Rebase onto main. Gentle ping.

EricWF accepted this revision.Jun 24 2022, 10:46 AM

It's true that this is a strict improvement over the internal_I guess I'm fine with this if we give Google a way to turn it off, so we don't have to pay the cost of the larger manglings.

libcxx/include/__config
637

Can we give users an ability to turn this off?

libcxx/test/libcxx/strings/basic.string/PR42676.sh.cpp
7

This test may still have value if we change it to exercise the __abi_tag__ path instead?

This revision is now accepted and ready to land.Jun 24 2022, 10:46 AM
EricWF requested changes to this revision.Jun 24 2022, 10:55 AM

Actually, I think we need to investigate the mangling scheme when the provided ABI tag is a number, because the mangling is B<size-of-tag><tag>, so for example the ABI tag "abc" on foo produces "_Z3fooB3abcv", where 3 is the length of the tag. Now consider the tag 1, which produces B11v, which looks as though it's a tag of length 11.
This seems to break some demanglers, maybe it also will break more?

This revision now requires changes to proceed.Jun 24 2022, 10:55 AM
EricWF accepted this revision.Jun 24 2022, 5:49 PM

Ah, I see we limit ourselves to valid identifiers. LGTM again, just with a knob to turn it off.

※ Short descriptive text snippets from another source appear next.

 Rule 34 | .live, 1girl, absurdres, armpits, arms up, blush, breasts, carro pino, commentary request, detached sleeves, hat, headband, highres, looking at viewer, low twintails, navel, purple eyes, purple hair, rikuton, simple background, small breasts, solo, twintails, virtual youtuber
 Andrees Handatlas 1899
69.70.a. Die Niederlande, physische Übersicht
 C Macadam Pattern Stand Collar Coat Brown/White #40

This revision is now accepted and ready to land.Jun 24 2022, 5:49 PM

Ah, I see we limit ourselves to valid identifiers. LGTM again, just with a knob to turn it off.

I'm against this on principle, but I'll do it to unblock this patch. IMO this is the wrong way to reduce the size of object files -- we should be using compression mangling instead, and it's not a super idea to change our overall ABI stability promise just for that reason. But as I said, I'll add an escape hatch with a comment about using compression mangling instead.

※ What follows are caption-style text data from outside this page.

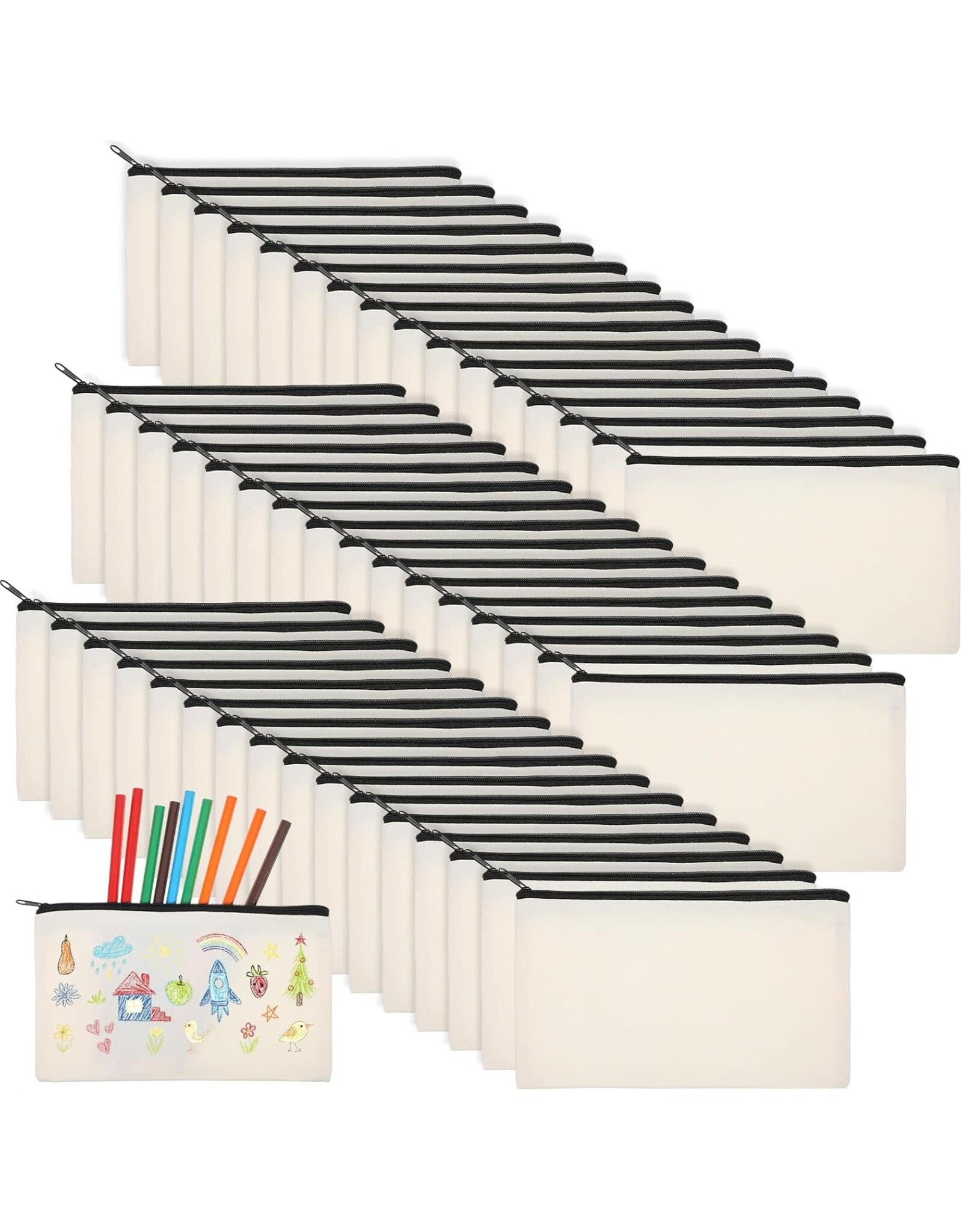 CANVAS PENCIL CASES - 10 PACK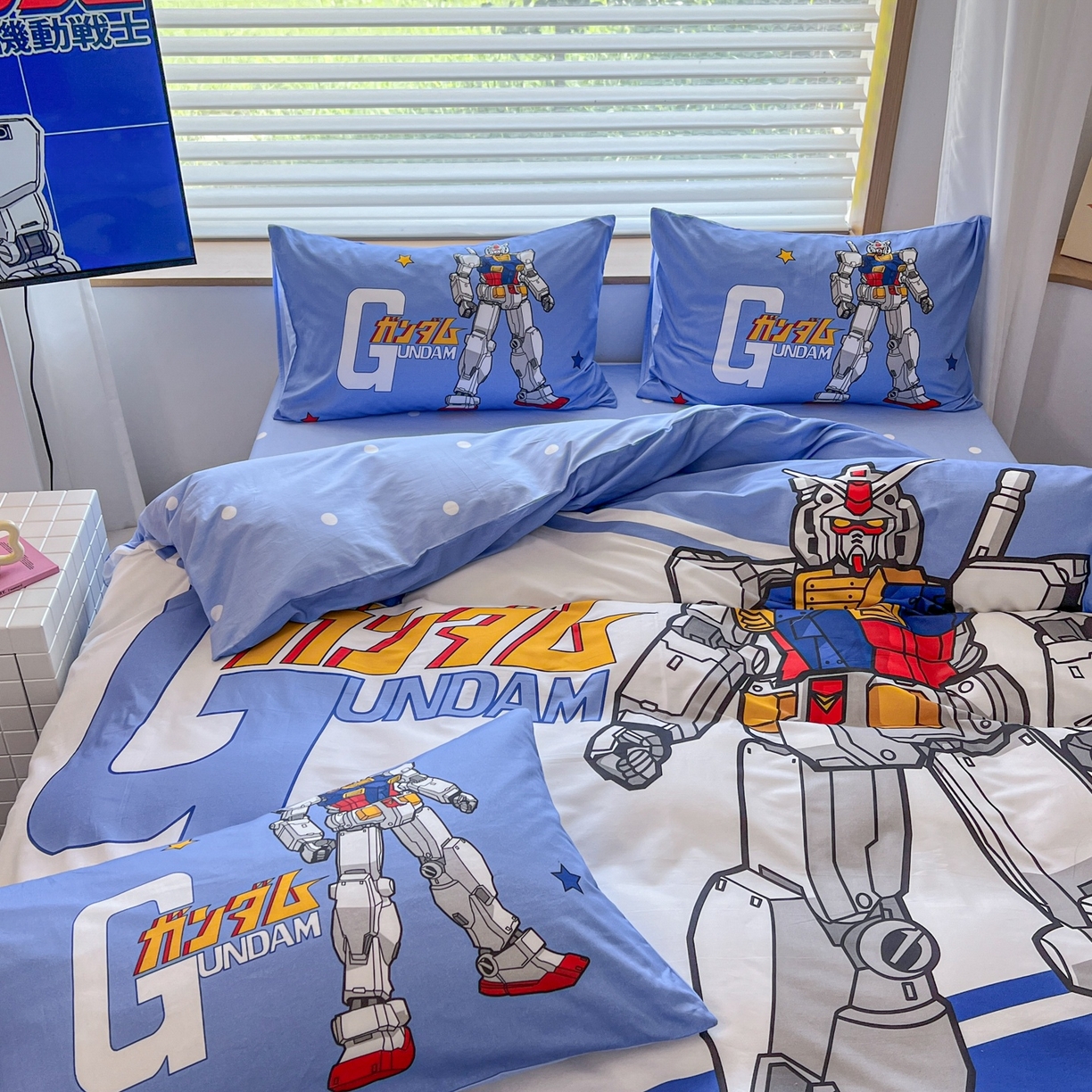 91家纺网 家纺一手货源 找家纺 孩子王家纺 2026新款卡通全棉纯棉正版授权大版变形金刚四件套 擎天柱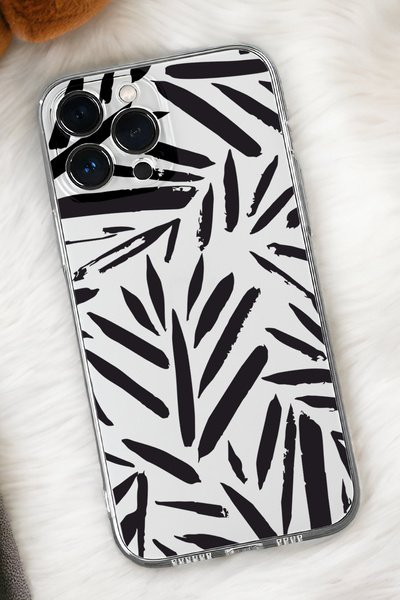 mooodcase iPhone 15 Pro Max Uyumlu Fırça Darbeleri Desenli Premium Silikonlu Şeffaf Telefon Kılıfı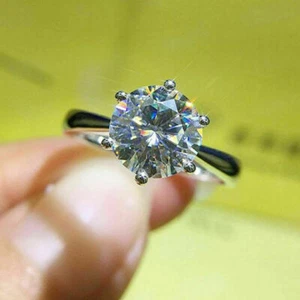 1.98CTW Round IGI Certified Lab Grown Diamond Solitaire Ring 925 Sterling Silver - Picture 1 of 11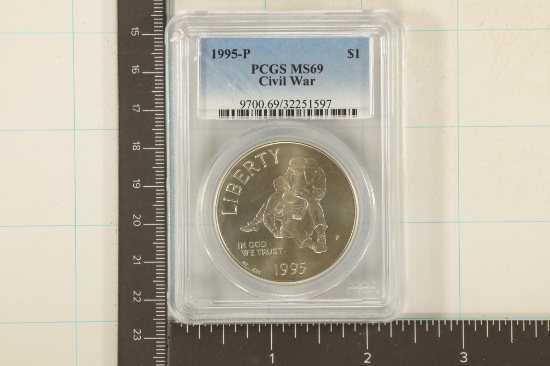 1995-P US CIVIL WAR SILVER DOLLAR PCGS MS69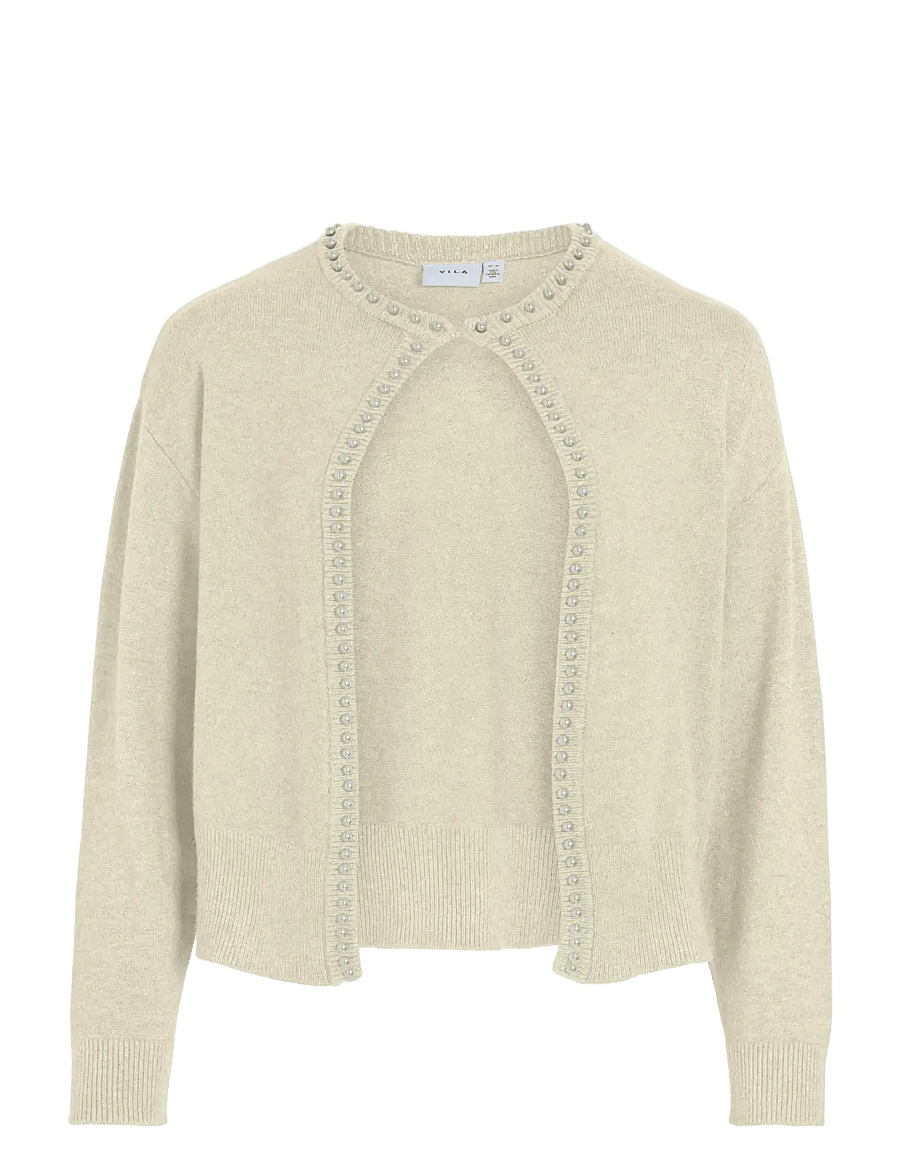 Vila - VIZAFINA L/S O-NECK PEARL KNIT CARDIGAN - strickjacken - super light natural melan - 0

ldionne updated this revision to Diff 442564.Jul 6 2022, 7:28 AM

Add escape hatch

Hey Louis,

This change breaks two LLDB tests: TestQueueFromStdModule.py and TestStackFromStdModule.py. I'm not at all familiar with these tests, but it seems the error mode is that the debugger can't find certain symbols:

error: Couldn't lookup symbols:
  __ZNSt3__1miERKNS_13move_iteratorIPP1CEES6_

Given that the bot has been red for 20 hours I went ahead and reverted your change in 61d417ceff90c4bd99bfed082d81bcc33ecf5a45.

thakis added a subscriber: thakis.Jul 7 2022, 9:12 AM

When this relands, maybe you could reland https://github.com/llvm/llvm-project/commit/6148c79a64ff03e5876882dd90d895ddb1783778 with it. (If not, no worries.)

ldionne reopened this revision.Jul 7 2022, 2:40 PM
This revision is now accepted and ready to land.Jul 7 2022, 2:40 PM
ldionne updated this revision to Diff 443066.Jul 7 2022, 2:41 PM

Band-aid for the LLDB issue, and also include 6148c79a in the commit.

Herald added projects: Restricted Project, Restricted Project. · View Herald TranscriptJul 7 2022, 2:41 PM
This revision was landed with ongoing or failed builds.Jul 8 2022, 5:38 AM
This revision was automatically updated to reflect the committed changes.